Let’s create a speech service using the Azure portal, as follows.
Go to the Azure portal at https://portal.azure.com, search for speech service, and then create a new service.
As shown in the following screenshot, enter the project details such as your resource group speech service name and region details. Then, click on the Review + create button to create a speech service in an Azure environment.
Figure 11.11 – Create Speech Services
Now, your Azure speech service is deployed, and you can go to that speech service resource by clicking on the Go to resource button on the deployment screen. Then, on the speech service resource screen, click on Go to speech studio. In Speech Studio, you can see various services for captioning with speech to text, post call transcription and analytics, and a live chat avatar, as shown in the following screenshot.

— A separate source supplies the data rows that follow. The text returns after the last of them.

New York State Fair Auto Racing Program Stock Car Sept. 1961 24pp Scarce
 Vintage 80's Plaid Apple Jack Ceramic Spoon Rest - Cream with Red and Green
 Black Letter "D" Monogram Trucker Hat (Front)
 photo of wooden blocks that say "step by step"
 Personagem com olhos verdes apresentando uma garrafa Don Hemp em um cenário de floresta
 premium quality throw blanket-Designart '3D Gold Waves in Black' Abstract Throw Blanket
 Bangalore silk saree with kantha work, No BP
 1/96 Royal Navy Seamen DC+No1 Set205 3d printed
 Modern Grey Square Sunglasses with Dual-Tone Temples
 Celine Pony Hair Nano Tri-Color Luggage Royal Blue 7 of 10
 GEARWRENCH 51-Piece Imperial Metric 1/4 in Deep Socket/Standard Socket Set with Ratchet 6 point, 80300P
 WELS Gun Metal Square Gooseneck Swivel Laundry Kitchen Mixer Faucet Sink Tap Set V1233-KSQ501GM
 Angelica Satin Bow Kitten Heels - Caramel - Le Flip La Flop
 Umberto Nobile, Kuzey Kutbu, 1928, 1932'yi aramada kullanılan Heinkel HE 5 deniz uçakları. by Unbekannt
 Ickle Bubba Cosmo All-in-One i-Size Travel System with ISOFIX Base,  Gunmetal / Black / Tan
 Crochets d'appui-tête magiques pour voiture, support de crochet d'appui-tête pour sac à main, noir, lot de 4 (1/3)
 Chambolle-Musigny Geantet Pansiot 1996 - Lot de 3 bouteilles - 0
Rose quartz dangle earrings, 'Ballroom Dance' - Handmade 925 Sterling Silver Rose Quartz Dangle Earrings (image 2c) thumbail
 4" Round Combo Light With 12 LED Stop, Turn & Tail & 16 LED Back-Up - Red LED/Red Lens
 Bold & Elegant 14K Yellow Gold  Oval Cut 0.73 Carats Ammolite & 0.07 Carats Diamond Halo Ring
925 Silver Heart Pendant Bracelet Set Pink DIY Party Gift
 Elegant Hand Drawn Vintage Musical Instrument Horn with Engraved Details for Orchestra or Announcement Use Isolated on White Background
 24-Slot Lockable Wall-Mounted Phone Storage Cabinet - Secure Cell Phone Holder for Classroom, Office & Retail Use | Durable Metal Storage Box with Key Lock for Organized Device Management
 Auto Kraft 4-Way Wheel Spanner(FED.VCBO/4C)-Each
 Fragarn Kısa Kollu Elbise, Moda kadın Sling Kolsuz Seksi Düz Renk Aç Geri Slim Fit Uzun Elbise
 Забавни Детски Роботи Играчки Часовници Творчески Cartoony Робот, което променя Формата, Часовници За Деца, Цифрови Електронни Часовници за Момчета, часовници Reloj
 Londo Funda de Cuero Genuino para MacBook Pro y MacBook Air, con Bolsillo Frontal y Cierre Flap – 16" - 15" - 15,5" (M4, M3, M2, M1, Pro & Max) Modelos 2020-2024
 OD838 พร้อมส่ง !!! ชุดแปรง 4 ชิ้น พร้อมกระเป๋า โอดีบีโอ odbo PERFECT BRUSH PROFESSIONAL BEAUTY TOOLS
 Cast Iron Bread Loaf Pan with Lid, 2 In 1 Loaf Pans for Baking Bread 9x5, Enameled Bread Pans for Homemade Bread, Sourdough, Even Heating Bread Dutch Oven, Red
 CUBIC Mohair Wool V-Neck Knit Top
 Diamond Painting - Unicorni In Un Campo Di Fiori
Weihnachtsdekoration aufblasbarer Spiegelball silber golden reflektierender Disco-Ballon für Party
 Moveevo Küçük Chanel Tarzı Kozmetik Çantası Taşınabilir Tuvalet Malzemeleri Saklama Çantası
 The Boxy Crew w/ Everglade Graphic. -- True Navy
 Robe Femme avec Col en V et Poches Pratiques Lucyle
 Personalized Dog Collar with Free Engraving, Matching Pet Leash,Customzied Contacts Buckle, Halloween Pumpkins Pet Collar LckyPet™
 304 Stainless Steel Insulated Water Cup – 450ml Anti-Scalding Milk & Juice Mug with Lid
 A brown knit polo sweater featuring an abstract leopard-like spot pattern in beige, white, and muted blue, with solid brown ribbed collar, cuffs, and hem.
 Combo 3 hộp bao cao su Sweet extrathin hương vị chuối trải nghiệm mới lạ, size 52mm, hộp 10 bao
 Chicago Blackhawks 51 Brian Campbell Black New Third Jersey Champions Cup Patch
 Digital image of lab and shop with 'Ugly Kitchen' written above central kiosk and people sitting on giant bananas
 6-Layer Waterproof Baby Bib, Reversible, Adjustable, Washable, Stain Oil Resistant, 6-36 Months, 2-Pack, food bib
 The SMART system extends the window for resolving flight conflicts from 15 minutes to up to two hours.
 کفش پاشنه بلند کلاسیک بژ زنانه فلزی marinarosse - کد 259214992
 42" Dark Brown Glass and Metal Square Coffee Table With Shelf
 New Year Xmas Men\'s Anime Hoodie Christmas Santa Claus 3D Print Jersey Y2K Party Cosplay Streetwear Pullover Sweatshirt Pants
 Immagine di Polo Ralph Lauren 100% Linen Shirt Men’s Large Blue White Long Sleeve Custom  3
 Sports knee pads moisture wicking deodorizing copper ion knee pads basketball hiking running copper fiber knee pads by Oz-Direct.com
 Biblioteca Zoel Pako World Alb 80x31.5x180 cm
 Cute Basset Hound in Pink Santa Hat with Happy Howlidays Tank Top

Figure 11.12 – Speech Studio
Speech to text
Now, let’s try to use the speech to text service. As shown in the following screenshot, you can drag and drop an audio file or upload it, and record audio with microphone. You can see the corresponding Text or JSON tabs on the right-side window for the uploaded audio file, as shown in the following screenshot.
Figure 11.13 – Real-time speech to text
Speech translation
Now, let’s see how to translate the speech. On the following screen, we are translating from English to French. Let’s choose a spoken language and a target language.
Then, speak in English and record the audio with a microphone. The translated text in French is shown on the right side of the window, as shown in the following screenshot.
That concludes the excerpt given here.